▶ _THE DATA_:
<<<<
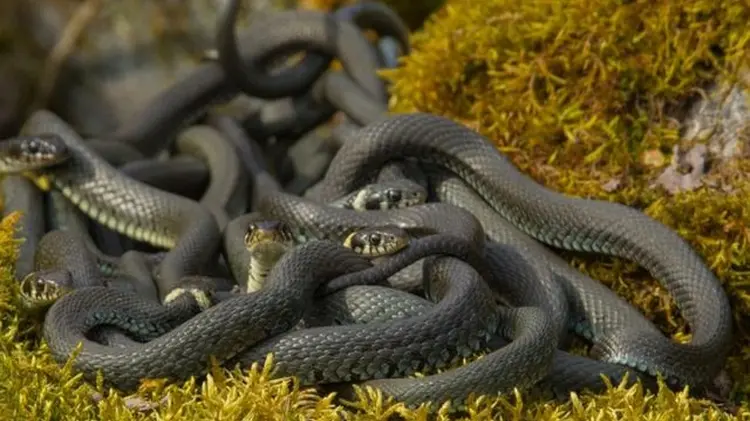 Cómo se reproducen las serpientes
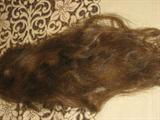 a piece of human hair.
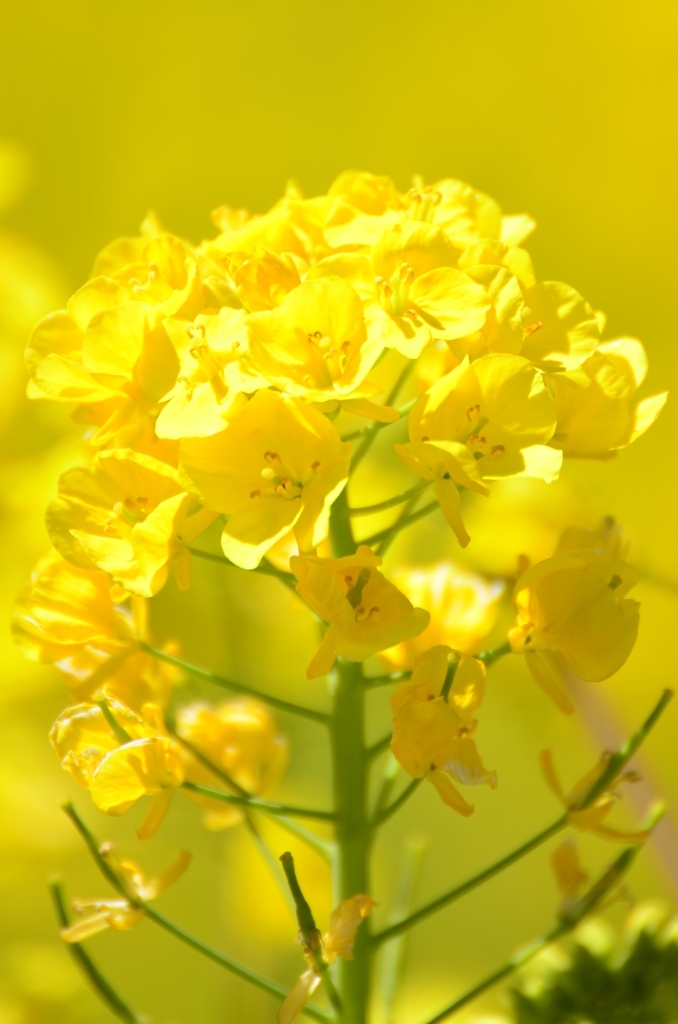 菜の花
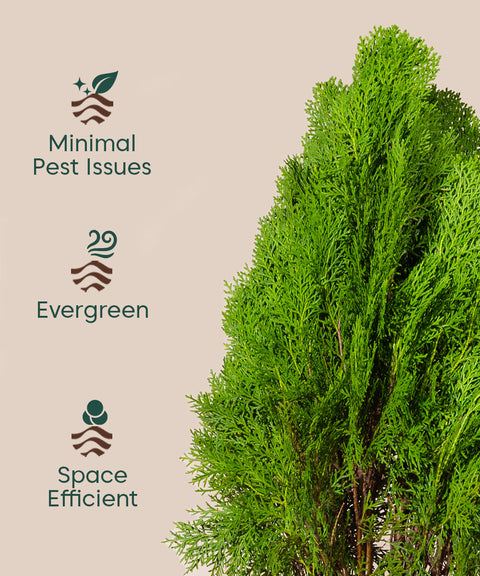 Thuja Plant with Large Metal Self Watering Pot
>>>>
▶ _WORK REQUIRED_: Every line from the one containing "a piece of human hair." through the last line of the data, both included, is to be repeated exactly; the pictures are to be left out.

▶ _ANSWER TO THIS TASK_:
 a piece of human hair.
 菜の花
 Thuja Plant with Large Metal Self Watering Pot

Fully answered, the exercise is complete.